UK Students to Present Sustainability Research at NSF Showcase

LEXINGTON, Ky. (April 26, 2013) — Graduate and undergraduate students who participated in the National Science Foundation-funded Systems Thinking for Sustainability (NSF-STFS) course at the University of Kentucky will present their research findings in a showcase Tuesday, April 30, in the Lexmark Public Room in UK's Main Building. This project showcase, which is free and open to the public, will display the range of multivalent viewpoints, issues investigated, and potential solutions discovered over the course of the Spring 2013 semester.

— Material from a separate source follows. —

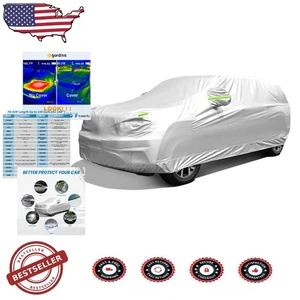 Heavy Duty SUV Car Cover - Waterproof All Season Polyester Protection - Bild 1 von 10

This year’s umbrella project titled Campus Living advances the research developed by the Spring 2012 STFS class. Using last year’s projects as springboards for deeper and more thorough approaches, the students’ projects explore sustainable issues through the lens of systems thinking as a means of simultaneously seeing and assessing the issues from multiple vantage points. The topics selected for this year’s projects are germane to ongoing campus planning initiatives and include topics such as open space utilization, building the campus community, sustainable transportation, energy and water usage, campus amenities, and enhancing the student center experience.

The presentation agenda for the showcase is as follows:

  • informal discussions with individual student teams 10:30 to 11 a.m.;
  • team presentations 11 a.m. to noon; and
  • a question and response session noon to 12:30 p.m.

      

The faculty who collaboratively taught the NSF-STFS course are Associate Professor Mechanical Engineering Fazleena Badurdeen; College of Design Associate Dean for Research Gregory Luhan; Associate Professor of Mathematics Education Margaret Schroeder of the College of Education; Professor of Mechanical Engineering Dusan Sekulic; and Assistant Professor Leslie Vincent of Gatton College of Business and Economics.

NSF-STFS is a NSF-funded project focused on the development of an innovative team-taught interdisciplinary course that will transform STEM education for undergraduates.  This course features the interactive teamwork of four UK colleges: Design, Engineering, Education and Gatton College of Business and Economics, that uses a project- and  problem-based learning approach to address issues related to sustainability and living on the UK campus.

The NSF TUES (Transforming Undergraduate Education in STEM) project, "Systems Thinking for Sustainability" (or STFS for short) started in Fall 2012 and will continue through the Spring 2014 semester. The project involves designing and teaching a cross-disciplinary course using sustainability as a unifying rubric for examining the societal, environmental, and economic domains. The hope and expectation of the three-year study is to enable students to engage in and learn from a systems approach to solving problems in sustainability areas (the subject area for the course) that will help students develop the perspectives and skills they need to work together in an increasingly cross-disciplinary world facing progressively more complex problems like the transition to sustainability. The immediate benefit for many of the students, aside from working across disciplines through rigorous research-driven methods, is the synergistic link between the STFS course and their own discipline specific capstone projects and studio projects.

The STFS faculty continues to analyze the data developed in the class to frame research paper presentations and to inform workshops at international conferences using the showcase as a valuable vehicle to demonstrate “proof-of-concept” approaches that bridge between pedagogy and practice. To further substantiate how knowledge generated at the University of Kentucky can be translated to meet other outcomes, the faculty has also been working with a number of universities both in the U.S. and abroad to position the course beyond UK starting in Fall 2013 semester.